12/02/2021
Cancer is the word we all fear.
The hushed whispers,
The gaze that’s never met.
It’s rubbing your child’s legs at midnight,
Because the chemo makes them hurt.
It’s watching your baby so scared and confused, making them take all their meds and telling them it’s all for the best.
It's lying in a hospital bed with your child scared it will be the last time you hold them.
It's listening to the beeping machine that keeps you up all night.
It's sitting in a hospital chair with very little to no sleep, scared of what will come next.
It's walking about the hospital corridors in a daze, feeling empty and lost.
It’s holding the sick bowl because they’ve not stopped being sick for hours.
It's month's of hospital stays away from your family and other children.
It’s pouring poison into the veins of your beautiful baby,
Watching them bloat from steroids, or turn into skeletons from infections and aggressive treatment.
It’s handing your child over to strangers, so they can operate on them.
It’s holding your child down for painful tests and procedures listening to their screams.
It’s comforting them, and telling them, everything will be OK.
It’s crying in the shower, because you have to be strong and not let them see you weak.
It’s saying goodbye to the warriors you meet along the way, some will make it, some will not.
It’s washing your hands 50 billion times a day,
The fear of infections never far away.
It’s blood tests, and lumbers, injections, chemo, meds,
It’s MRIs, CTs, and X-rays.
It’s waiting by the phone, for the results, desperately hoping nothing has changed.
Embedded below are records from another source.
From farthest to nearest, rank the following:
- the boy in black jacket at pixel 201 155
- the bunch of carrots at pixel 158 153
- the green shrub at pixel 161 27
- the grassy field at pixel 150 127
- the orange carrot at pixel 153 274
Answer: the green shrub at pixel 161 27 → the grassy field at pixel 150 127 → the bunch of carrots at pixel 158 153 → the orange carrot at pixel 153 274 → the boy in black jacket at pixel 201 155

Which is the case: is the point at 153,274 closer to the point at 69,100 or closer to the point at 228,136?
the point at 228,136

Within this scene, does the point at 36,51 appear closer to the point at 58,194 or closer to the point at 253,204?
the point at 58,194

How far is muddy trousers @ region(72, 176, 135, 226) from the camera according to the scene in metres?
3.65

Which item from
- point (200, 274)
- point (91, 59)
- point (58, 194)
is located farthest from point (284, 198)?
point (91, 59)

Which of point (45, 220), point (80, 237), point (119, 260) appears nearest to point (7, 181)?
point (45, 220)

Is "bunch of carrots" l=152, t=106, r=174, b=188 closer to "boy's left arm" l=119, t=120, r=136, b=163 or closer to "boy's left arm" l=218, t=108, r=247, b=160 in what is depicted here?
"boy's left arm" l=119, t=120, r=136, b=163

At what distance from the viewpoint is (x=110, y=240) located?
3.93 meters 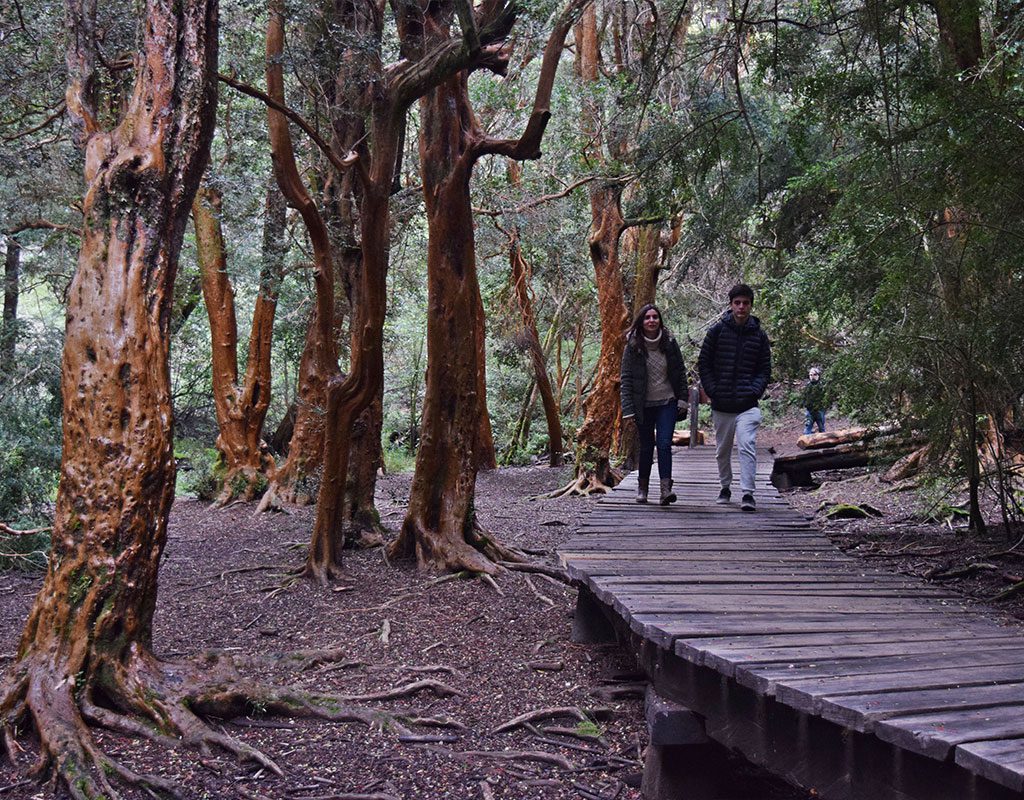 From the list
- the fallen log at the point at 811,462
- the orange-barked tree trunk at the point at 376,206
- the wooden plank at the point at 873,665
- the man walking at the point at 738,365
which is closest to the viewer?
the wooden plank at the point at 873,665

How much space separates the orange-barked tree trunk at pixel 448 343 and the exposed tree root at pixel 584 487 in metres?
7.35

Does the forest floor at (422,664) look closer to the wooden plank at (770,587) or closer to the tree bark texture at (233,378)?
the wooden plank at (770,587)

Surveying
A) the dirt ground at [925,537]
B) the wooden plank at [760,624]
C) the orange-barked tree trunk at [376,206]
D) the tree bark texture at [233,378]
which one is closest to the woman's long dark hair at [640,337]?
the orange-barked tree trunk at [376,206]

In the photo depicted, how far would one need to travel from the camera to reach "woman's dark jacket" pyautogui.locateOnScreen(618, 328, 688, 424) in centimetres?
817

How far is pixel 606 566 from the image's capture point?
5.84 meters

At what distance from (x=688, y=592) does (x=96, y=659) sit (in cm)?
325

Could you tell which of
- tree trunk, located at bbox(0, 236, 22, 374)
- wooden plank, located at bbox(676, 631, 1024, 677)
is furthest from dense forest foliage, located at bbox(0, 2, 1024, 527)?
wooden plank, located at bbox(676, 631, 1024, 677)

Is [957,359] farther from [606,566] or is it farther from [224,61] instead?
[224,61]

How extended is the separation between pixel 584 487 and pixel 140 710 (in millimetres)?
12320

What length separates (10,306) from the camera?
1316 centimetres

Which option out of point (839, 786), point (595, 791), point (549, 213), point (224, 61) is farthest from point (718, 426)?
point (549, 213)

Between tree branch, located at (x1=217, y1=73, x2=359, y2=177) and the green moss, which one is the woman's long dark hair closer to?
tree branch, located at (x1=217, y1=73, x2=359, y2=177)

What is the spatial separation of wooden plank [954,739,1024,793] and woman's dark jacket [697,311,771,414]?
5.44 metres

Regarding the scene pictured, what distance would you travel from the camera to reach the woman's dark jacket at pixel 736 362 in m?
7.88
It’s watching your child sleep at night, and making memories while you can.
Even if your child is one of the lucky ones, it’s the late effects, the long-term consequences.
It’s physio, and OT, and psychiatrists, neuro, pain team, bone team.
Even when treatment is finally through, even when your child is happy and well.
Cancer will always leave a scar, deeply embedded on your heart.
In its wake it leaves disabilities, and psychological scars, PTSD and anxiety, constant fear and worry.
When your child has cancer, it changes you.
You watch your child go to hell and back,
You get so used to your child having anaesthetic that you don’t cry anymore,
You calmly hold your child still for painful tests.
You seem so strong.
But I see you.
I know inside, behind that strong exterior, that mask you put on for all the world.
I know you’re slowly breaking, you’re trying hard not to show it, but I see it.